On his recommendations as a whole, David Lammy said:

My review clearly shows BAME individuals still face bias – including overt discrimination – in parts of the justice system.

It is only through delivering fairness, rebuilding trust, and sharing responsibility that we will build the equal and just society so often spoken about.

As the Prime Minister said, if you’re black, you’re treated more harshly by the criminal justice system than if you’re white. Now is the time to stop talking and take action.

However, he makes clear that many of the causes of BAME over-representation lie outside the criminal justice system. For example, black children are more than twice as likely to grow up in a lone parent family, and black and mixed ethnic boys are more likely than white boys to be permanently excluded from school. David also makes clear that government policy can only go so far, and challenges communities to assume greater responsibility.

On community responsibility, David Lammy said:

The criminal justice system has deep-seated issues to address, but there is only so much it can do.

The factors behind BAME over-representation begin long before a guilty plea, court appearance, or prison sentence.

Communities must take greater responsibility for the care and development of their people – failing to do so only damages society as a whole.

These formal recommendations mark the completion of the Lammy Review, and follow the publication of its emerging findings last November. The Review commissioned an analysis paper looking at disproportionality in the criminal justice system which found that BAME defendants are more likely to go to prison for certain types of crime. One finding was that for every 100 white women handed custodial sentences at Crown Courts for drug offences, 227 black women were sentenced to custody.
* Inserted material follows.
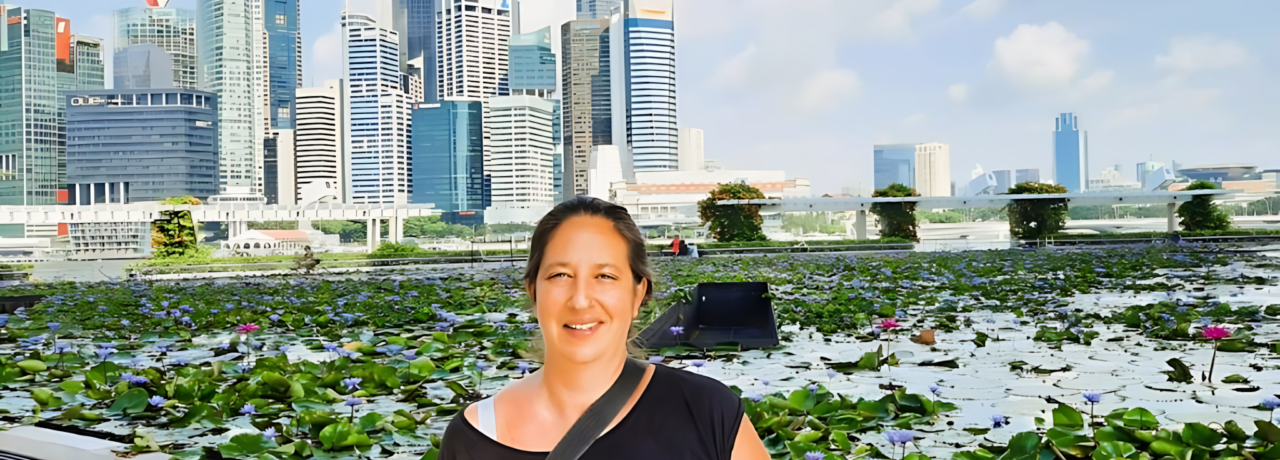 Eva-Maria Trost-Groß vor Singapur Skyline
For black men, this figure is 141 for every 100 white men.

In January 2016, the former Prime Minister David Cameron asked David Lammy to lead a review of the Criminal Justice System in England and Wales, to investigate evidence of possible bias against black defendants and other ethnic minorities.

His successor, Theresa May, said on the steps of Downing Street that: “If you’re black, you’re treated more harshly by the criminal justice system than if you’re white”.

The Lammy Review was supported by the Ministry of Justice and a panel of expert advisers. The review considered evidence from the point of arrest onwards

David Lammy is MP for Tottenham and has served as chair of the All Party Parliamentary Group on Race and Community since 2010. A former Minister of State, he qualified as a barrister in 1995. David received cross-party praise for his work on the 2011 London Riots and authored the book ‘Out of the Ashes: Britain after the Riots in 2011’.

The members of the advisory panel for the Lammy Review are: Lord Victor Adebowale CBE, Dame Sally Coates DBE, Dame Linda Dobbs DBE, David Isaac CBE, Professor Binna Kandola OBE, Baroness Ruby McGregor-Smith CBE, Sir Martin Narey DL, Dame Anne Owers DBE, Sarah Payne CB, Trevor Phillips OBE, Matthew Ryder QC, Sir Keir Starmer KCB QC MP, Baroness Lola Young OBE, Simon Woolley, Shaun Bailey AM, Suella Fernandes MP.